For those who aren’t familiar with jiu-jitsu, there are often quite a few misconceptions about the martial art. Omar notes that many people view it as “kind of a cult,” which he admits that it almost is at some gyms. Emphasis on allegiance to just one school or instructor, religiously wearing their symbol, and feeling pressured to do whatever the higher-ups command are a few of the negative aspects Omar has observed and experienced in the past. “Screw that,” is his opinion on the matter. He also has to laugh at how some refer to jiu-jitsu as “the gentle art,” joking that the phrase almost gives people a false sense of security. Omar points out, however, that the beauty of BJJ in comparison to other disciplines is that you can get the most out of it without having to inflict actual damage to your partner:
“You determine your level of involvement. Boxing, you might get blasted in the face at 100%, and then you won’t be able to do it a lot…And with kickboxing or Muay Thai, you can’t take too many kicks to the legs all the time if you want to walk. But you can take a couple chokes, a couple arm bars, you can tap out when it gets too rough on you.”

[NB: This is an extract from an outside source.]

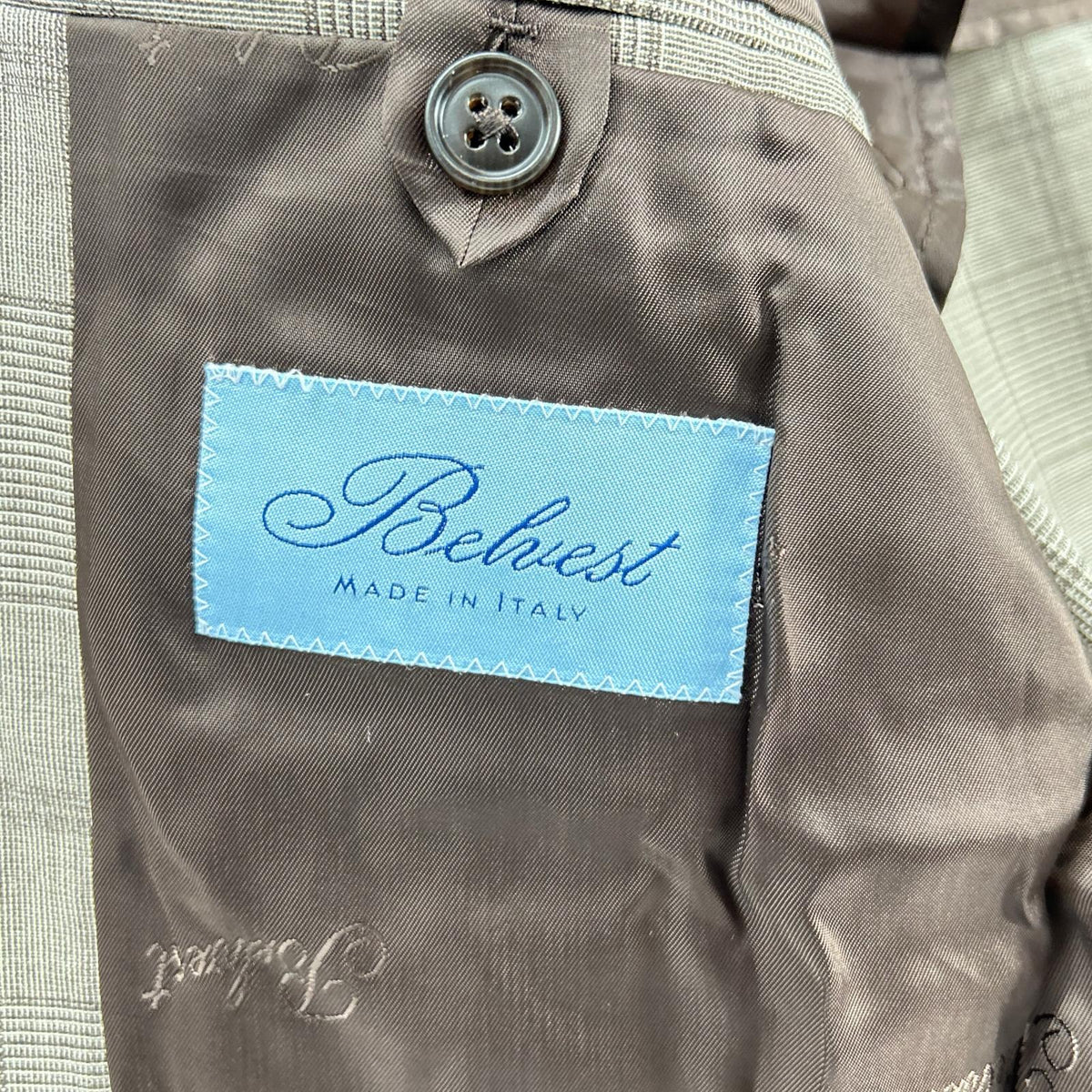 Belvest A71100 Super 130's Wool Check Vest Brown Size 48/48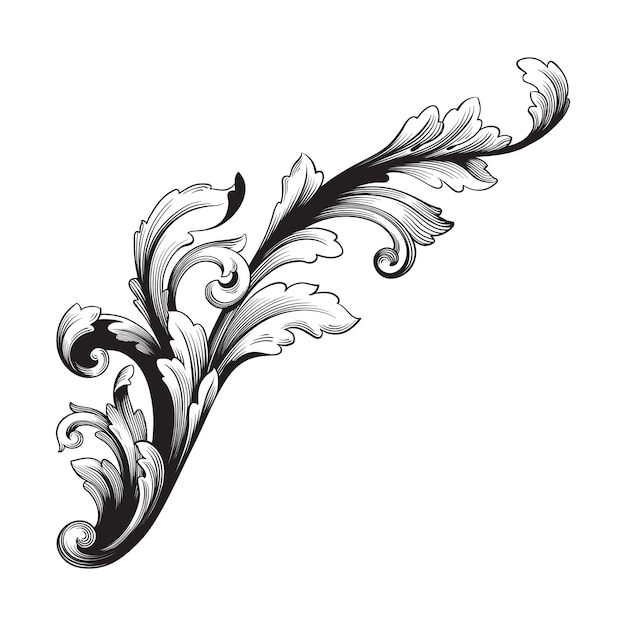 Klasyczny ornament barokowy. Ozdobny element dekoracyjny z filigranu.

As for the instructors that have profoundly influenced Big O’s development as a jiu-jitsu practitioner? There are quite a few that get honorable mention. “My first grappling guy was Jim Garzillo ( at Tiger Schulmann’s). He’s the one who started me off. And Brian Miller and Rob Scheier, they’re two of the best black belts I’ve ever been around in my life. They’re not big guys, but they’re technically sound. They’re old school.” Then there’s “Uncle Greg” Mikovitch from Renzo Gracie PA, who took Omar under his wing for nearly five years and essentially built him from the ground up. With Greg’s guidance, he “started winning again” and never finished out of third place in tournaments. “He never held back…Even when I was able to start tapping him out, he never got upset or weird. He just kept showing me stuff. He was one of those guys where your success was his success.”
Omar’s coaching style mirrors that of his mentor. According to his student, Matt Smith, you couldn’t ask for a more supportive, knowledgeable, and genuinely caring instructor:
“Omar believes in all of his students to the fullest. Over and over he tells me to believe in myself–I know he does, and with him behind you, how can you not? As an athlete, the type and amount of work you get while training with him gives you confidence in good and bad positions, staying calm and cool under pressure. That boils over into the rest of your life for difficult situations you might encounter.”
Besides his jiu-jitsu team, Omar is head of an affiliation called Crush Crew Family. Troy “Whodabull” Chamberlain is the “head MMA guy” and Bill Bryan, a black belt in multiple disciplines, is their “all around technician.” Matt Smith is a fighter out of Crush Crew Family and will be competing at XCC 27 on February 24th; he is happy to have Big O in his corner. For amateur fighters, Omar advises that they stick to their strengths in their first couple of fights, work on their defense, and then start implementing new parts to their game plan. Above all, he tries to instill a sense of confidence in his students. In typical Omar fashion, his advice is good-natured and straightforward: “Be yourself. If your attitude is rough, be rough! You don’t gotta be a butthole, but you can assert yourself. Be first.”